[Assignment] Somewhere below are a line with "Italian volunteers display" and a later line with "A shirtless male". Output exactly those lines and all lines between them.

================================

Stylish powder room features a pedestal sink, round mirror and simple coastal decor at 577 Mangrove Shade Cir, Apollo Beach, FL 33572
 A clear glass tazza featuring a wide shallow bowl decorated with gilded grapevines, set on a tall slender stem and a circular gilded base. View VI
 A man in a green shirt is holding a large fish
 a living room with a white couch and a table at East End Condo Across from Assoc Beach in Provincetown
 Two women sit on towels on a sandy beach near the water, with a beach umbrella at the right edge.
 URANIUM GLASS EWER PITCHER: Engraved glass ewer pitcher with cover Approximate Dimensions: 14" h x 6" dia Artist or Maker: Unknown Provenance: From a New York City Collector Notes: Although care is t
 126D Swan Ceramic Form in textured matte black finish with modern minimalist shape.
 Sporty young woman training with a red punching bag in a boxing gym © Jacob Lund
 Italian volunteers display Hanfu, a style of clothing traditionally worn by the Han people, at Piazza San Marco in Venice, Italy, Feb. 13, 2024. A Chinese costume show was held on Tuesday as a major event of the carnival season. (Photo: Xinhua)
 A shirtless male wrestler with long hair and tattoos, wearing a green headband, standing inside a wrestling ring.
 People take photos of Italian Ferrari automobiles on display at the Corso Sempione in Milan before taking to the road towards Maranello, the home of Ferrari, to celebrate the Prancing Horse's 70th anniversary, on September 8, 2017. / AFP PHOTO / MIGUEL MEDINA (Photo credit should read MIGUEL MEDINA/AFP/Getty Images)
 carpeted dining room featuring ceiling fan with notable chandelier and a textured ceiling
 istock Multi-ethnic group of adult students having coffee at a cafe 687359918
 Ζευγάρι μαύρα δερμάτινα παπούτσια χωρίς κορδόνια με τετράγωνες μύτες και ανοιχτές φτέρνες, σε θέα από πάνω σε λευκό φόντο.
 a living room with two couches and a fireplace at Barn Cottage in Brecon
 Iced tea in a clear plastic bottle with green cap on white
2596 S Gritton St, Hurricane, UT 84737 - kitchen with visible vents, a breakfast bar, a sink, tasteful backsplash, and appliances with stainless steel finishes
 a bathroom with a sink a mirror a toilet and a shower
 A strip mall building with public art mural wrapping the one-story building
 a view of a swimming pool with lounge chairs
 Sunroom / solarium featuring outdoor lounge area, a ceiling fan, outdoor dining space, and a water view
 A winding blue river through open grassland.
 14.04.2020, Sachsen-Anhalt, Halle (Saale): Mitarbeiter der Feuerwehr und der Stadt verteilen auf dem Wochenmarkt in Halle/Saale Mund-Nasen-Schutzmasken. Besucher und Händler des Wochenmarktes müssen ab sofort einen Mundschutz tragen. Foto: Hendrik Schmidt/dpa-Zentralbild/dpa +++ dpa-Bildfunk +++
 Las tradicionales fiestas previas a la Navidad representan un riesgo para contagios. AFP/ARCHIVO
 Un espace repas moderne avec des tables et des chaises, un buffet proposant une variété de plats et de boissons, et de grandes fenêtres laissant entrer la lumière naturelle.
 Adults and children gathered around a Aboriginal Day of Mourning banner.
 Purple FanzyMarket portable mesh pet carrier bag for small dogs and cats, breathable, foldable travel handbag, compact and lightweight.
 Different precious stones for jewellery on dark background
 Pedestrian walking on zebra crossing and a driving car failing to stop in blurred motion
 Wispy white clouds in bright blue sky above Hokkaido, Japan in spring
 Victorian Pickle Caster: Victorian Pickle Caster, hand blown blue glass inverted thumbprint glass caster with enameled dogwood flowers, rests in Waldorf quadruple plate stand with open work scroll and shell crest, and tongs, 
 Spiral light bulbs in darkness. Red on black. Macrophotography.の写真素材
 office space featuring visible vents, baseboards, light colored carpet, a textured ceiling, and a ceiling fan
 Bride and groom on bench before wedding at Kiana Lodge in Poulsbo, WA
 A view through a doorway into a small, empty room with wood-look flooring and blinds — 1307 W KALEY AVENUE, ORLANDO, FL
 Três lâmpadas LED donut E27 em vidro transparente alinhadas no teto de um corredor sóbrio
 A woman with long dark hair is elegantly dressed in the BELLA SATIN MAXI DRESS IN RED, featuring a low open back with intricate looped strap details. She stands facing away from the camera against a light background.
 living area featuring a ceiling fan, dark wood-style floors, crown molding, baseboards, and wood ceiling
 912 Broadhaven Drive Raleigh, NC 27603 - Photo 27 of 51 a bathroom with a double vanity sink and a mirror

================================

[Response to this task]
 Italian volunteers display Hanfu, a style of clothing traditionally worn by the Han people, at Piazza San Marco in Venice, Italy, Feb. 13, 2024. A Chinese costume show was held on Tuesday as a major event of the carnival season. (Photo: Xinhua)
 A shirtless male wrestler with long hair and tattoos, wearing a green headband, standing inside a wrestling ring.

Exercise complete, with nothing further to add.